Keaton was born in Los Angeles, but her career kicked off in New York, onstage: In 1968, she was a member of the original cast of Hair. In 1969, Woody Allen cast her in Play It Again, Sam on Broadway—this is how she and Allen met, launching a romantic and creative partnership that evolved into a lasting friendship. In 1973, she would also co-star in the movie version of that play, the same year she appeared, opposite Pacino, in The Godfather, as Michael Corleone’s wife Kay: in her relatively few scenes, she’s heartrending as a woman ready and eager to play the conventional role of wife and mother, only to be shut out of her husband’s orbit in favor of his underworld business dealings. Keaton’s career thrived in the 1980s and beyond. She’s staggering as an abandoned wife in Alan Parker’s lacerating end-of-a-marriage drama Shoot the Moon (1982), a film that seems to have been unjustly forgotten. And she’s the spiritual anchor of Warren Beatty’s sprawling 1981 Reds, as journalist and activist Louise Bryant. Keaton was involved with Beatty at the time, though her performance hardly takes a backseat to his portrayal of lefty journalist John Reed. As Bryant, she maps the shape of early feminist defiance, aflame with the determination to live her life as she chooses.

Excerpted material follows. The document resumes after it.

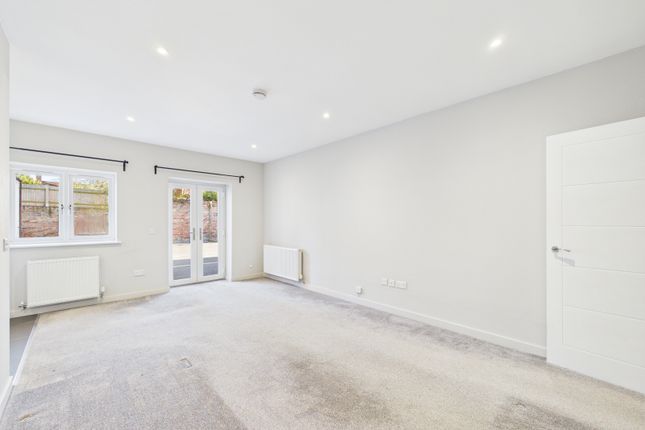Flat 1, 95a Bury Road, Gosport photo 4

There’s so much more. Through the 1990s and early 2000s, she was often the best thing about the comedies she starred in, among them Something’s Gotta Give (2003) and the otherwise rather dismal Father of the Bride movies: she appeared in two of the latter, as well as a short, 2020’s Father of the Bride 3 (ish). In 1995, she made her fiction-feature directorial debut with Unstrung Heroes, a delightful, freewheeling picture about a 12-year-old boy who’s sent to live with his oddball uncles, played by Maury Chaykin and Michael Richards.
Through it all, Keaton has somehow felt like a person we knew, largely because of the role Allen wrote specially for her, the title character of Annie Hall. As Annie, the onetime girlfriend of Allen’s preternaturally neurotic comedian Alvy Singer, Keaton breezes through the movie like a gust of autumn wind—she’s as captivating and capricious as a curlicue of airborne leaves. Her timing has its origins in 1930s comedy, but also, perhaps, on some as-yet undiscovered, faraway planet: her lines spin out in woolly loops, and even if Alvy has the most cerebral quips, her comebacks always top them with their weirdo bravado.

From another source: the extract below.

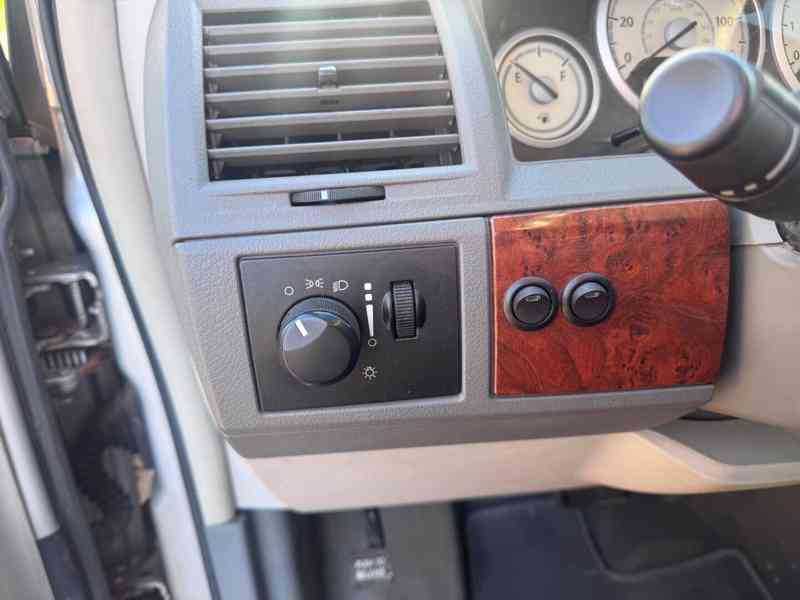 Chrysler Town Country 3,3 V6 RT 2009 - foto 19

In the same year, she gave a superb performance in a far stranger—and lesser—film: In Looking for Mr. Goodbar, adapted from Judith Rossner’s best-selling novel, Keaton plays Theresa Dunn, a New York City schoolteacher who, having broken free of her repressive Catholic family, avails herself of the sexual freedom newly available to her. By day, she forges a tender bond with the deaf children she teaches; by night, she has adventurous sex with random guys she meets in bars. (One of them is a brawny but bland Richard Gere.) In the end, Teresa must be punished for her sins—Rossner’s novel was inspired by the real-life case of schoolteacher Roseann Quinn, who was stabbed to death by a random pickup, and the movie is styled as a cautionary tale about the terrible cost of women’s sexual freedom. But there’s nothing pinched or inhibited about Keaton’s performance: it’s both fiery and bracingly carnal. When her performatively altruistic social-worker boyfriend, played by William Atherton, patronizes her by suggesting she’d be happier if she settled down, she blasts him with a line like a gut punch, the kind of raw truth that so many men can barely comprehend: “I’m alone, not lonely!” This is a great performance in a lousy movie, sometimes the truest measure of an actor’s grace and skill.

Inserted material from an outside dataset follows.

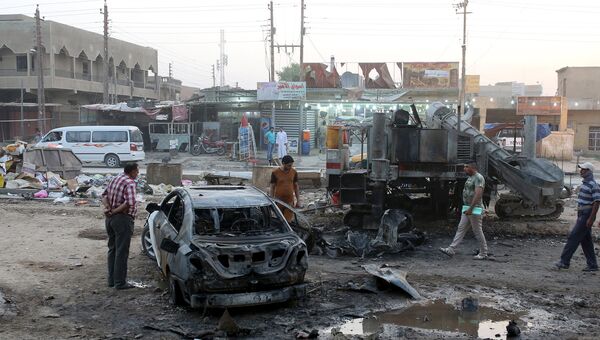 На месте взрыва заминированного автомобиля в Багдаде, Ирак. 6 октября 2015 год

There’s so much more that could be said about Keaton’s gifts, but it would be a grave oversight to say goodbye to her without a few words about her style. So many women growing up in the ’60s and ’70s were raised by mothers with specific ideas about how a lady should dress and comport herself: The shoes should match the handbag. Nylons are a must with all but the most casual outfits. Never leave the house without a clean hanky. In the face of that, Keaton’s off- and sometimes on-duty style represented limitless possibilities, and a previously incomprehensible kind of freedom. Today, nearly everyone is hip to the power of thrifting, but in the ’70s, mixing and matching used clothes made you part of a secret society, and Keaton was our clubhouse president. She turned slouchy tweed jackets into totems of offhanded glamor. She knew the power of a scarf, worn long and draped under a blazer or tied in a floppy bow under a high-buttoned collar. She wore socks with high heels.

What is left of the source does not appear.